The shorter secondary runway, Runway 4-22, is used by small planes whenever there is a strong crosswind, and it has a seaplane base in the river located at one end, Deck said.

"There is a runway protection zone that sits over the river -- over a seaplane base," he said. "The military calls these 'crash zones.' [City leaders] want to move that particularly if they want to get federal funding to build that seaplane base up."

The city has expressed an interest in expanding the seaplane base, but the FAA will not approve such an expansion as long as the runway protection zone is an issue, he said. To address the problem, Deck is suggesting Runway 4-22 be shortened to allow the protection zone to fit on the land between the runway and river or that it be closed and used for other airport amenities.

Whether to keep both runways operational, "I think is the big decision the city is going to have to make in the near future," Deck said.

The MaineDOT Work Plan released in January details an ambitious schedule of 1,600-plus projects to be completed by the Maine Department of Transportation during the next three years, and rebuilding and repaving Runway 4-22 at Dewitt Field, for an estimated $4.12 million, is on the list. This project includes removing obstructions.

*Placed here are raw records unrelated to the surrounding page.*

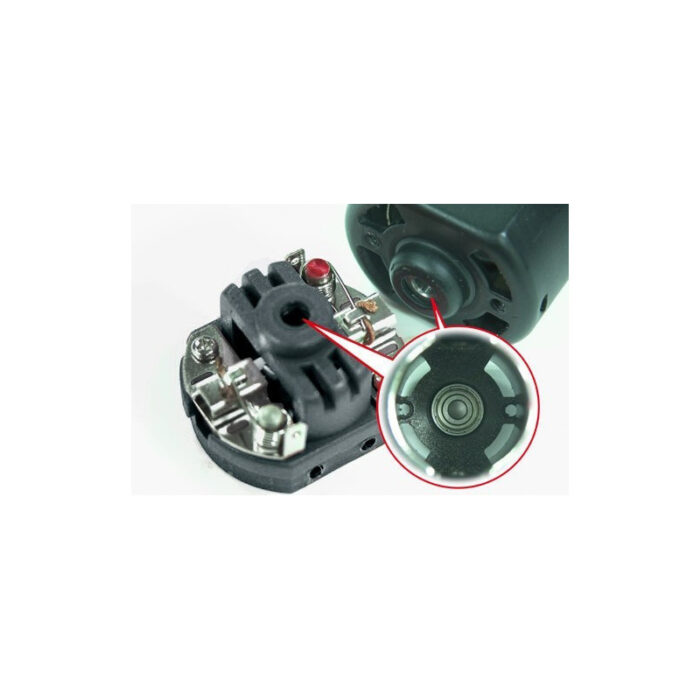 motor-high-speed-revolution-curto-guarder--3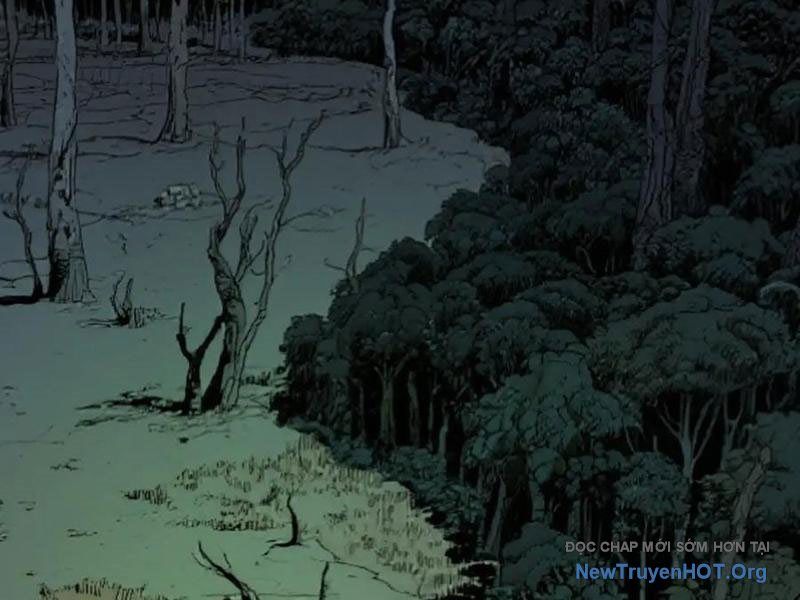Sau Khi Chia Tay Hoa Khôi, Võ Đạo Của Ta Thẳng Tới Cấp Thần Chapter 15 - 41
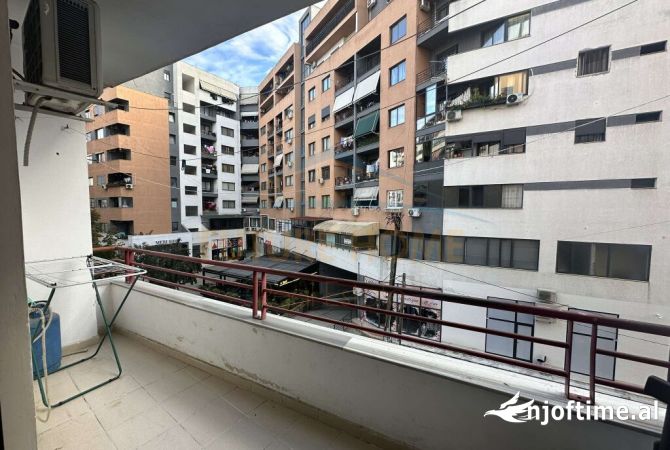 Shtepi ne shitje 2+1 ne Tirane - 139,000 Euro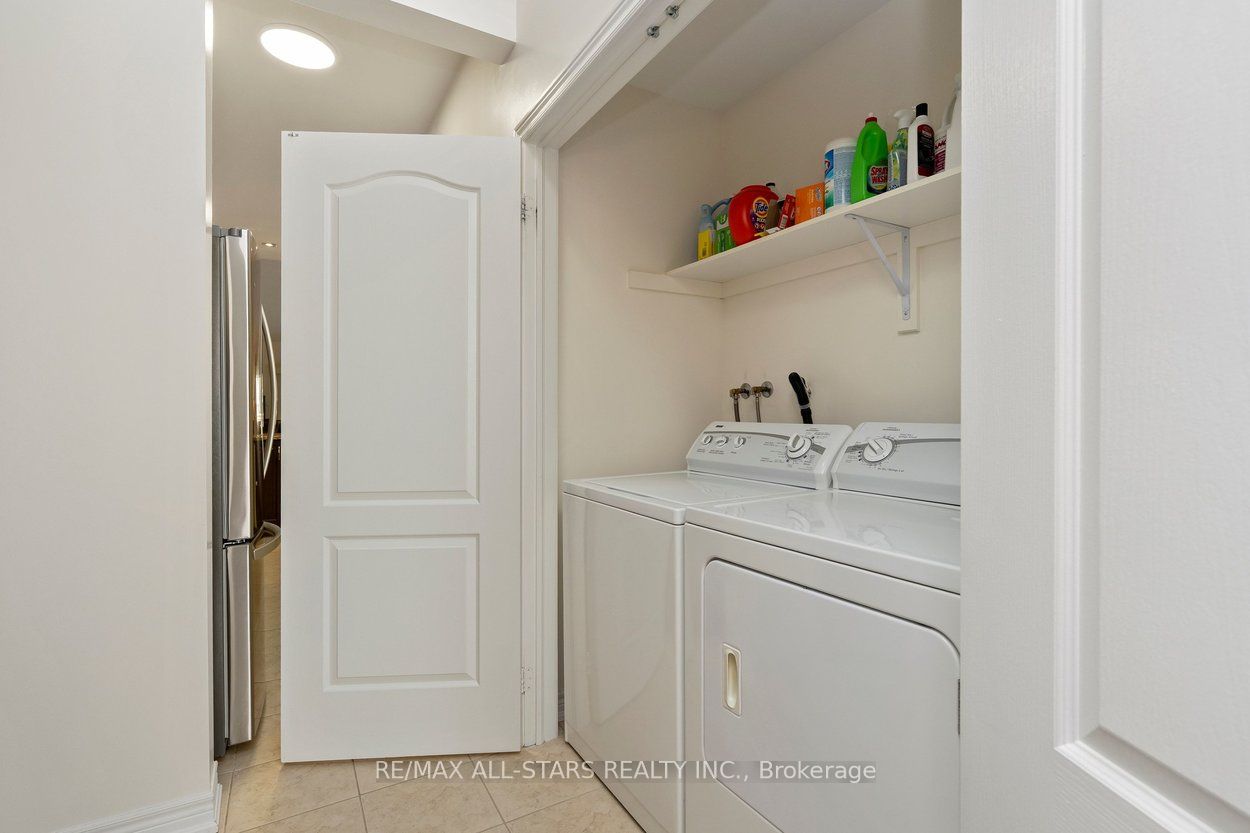 52 Oasis Way Property Photo 19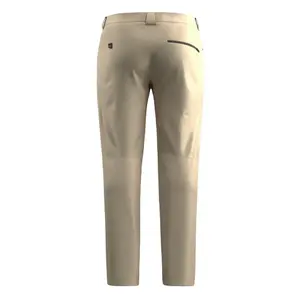 Pantalon de randonnée Salewa Puez Talveno DST image-1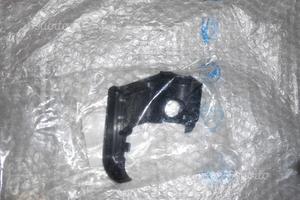 Jc56362x92000 guscio superiore sx sca light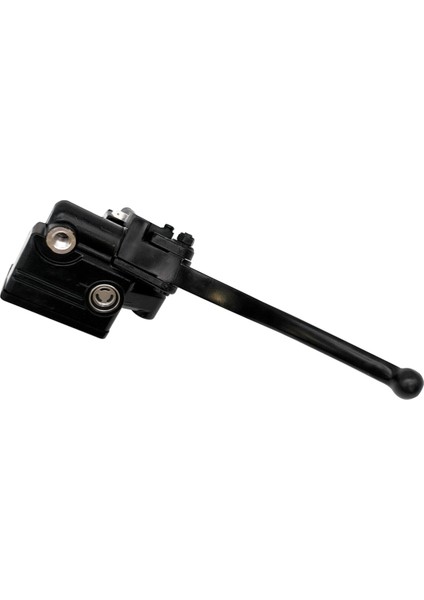 Atv El Freni Ana Silindiri Fr Cfmoto CF500 Atv 500CC 800CC X5 X6 9010-080600 (Yurt Dışından) indirimleri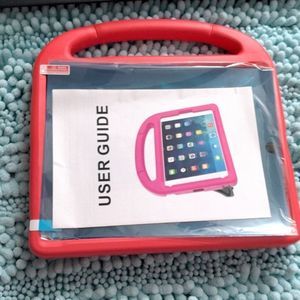 New Supply Eva Child's Case iPad for 2/3/4 9.7 Inch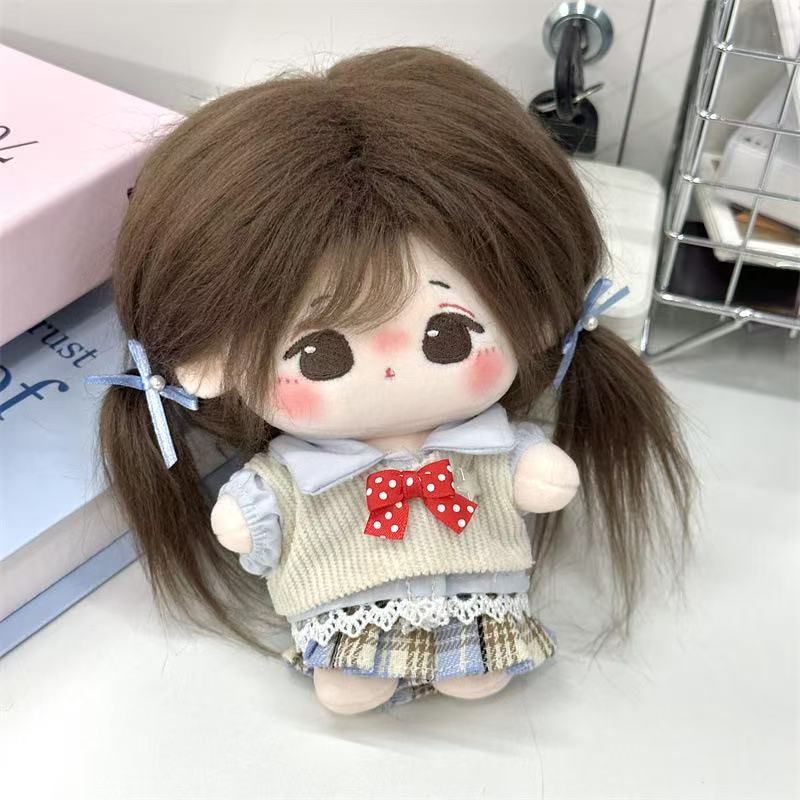 微信图片_20250921162937_290_104.jp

The city also learned in July 2013 that the Federal Aviation Administration awarded Old Town Municipal Airport a $365,862 grant to reconstruct the existing taxi-lane pavement at Dewitt Field.

"Most of these are approached at a 30 degree or 45 degree angle. It creates a visibility problem for some pilots," Deck said. "The FAA wants a 90 degree angle. That way, you can see in both directions."

The city would be responsible for about 5 percent of the cost of any FAA projects, Deck said.

The last airport master plan was created in 2002.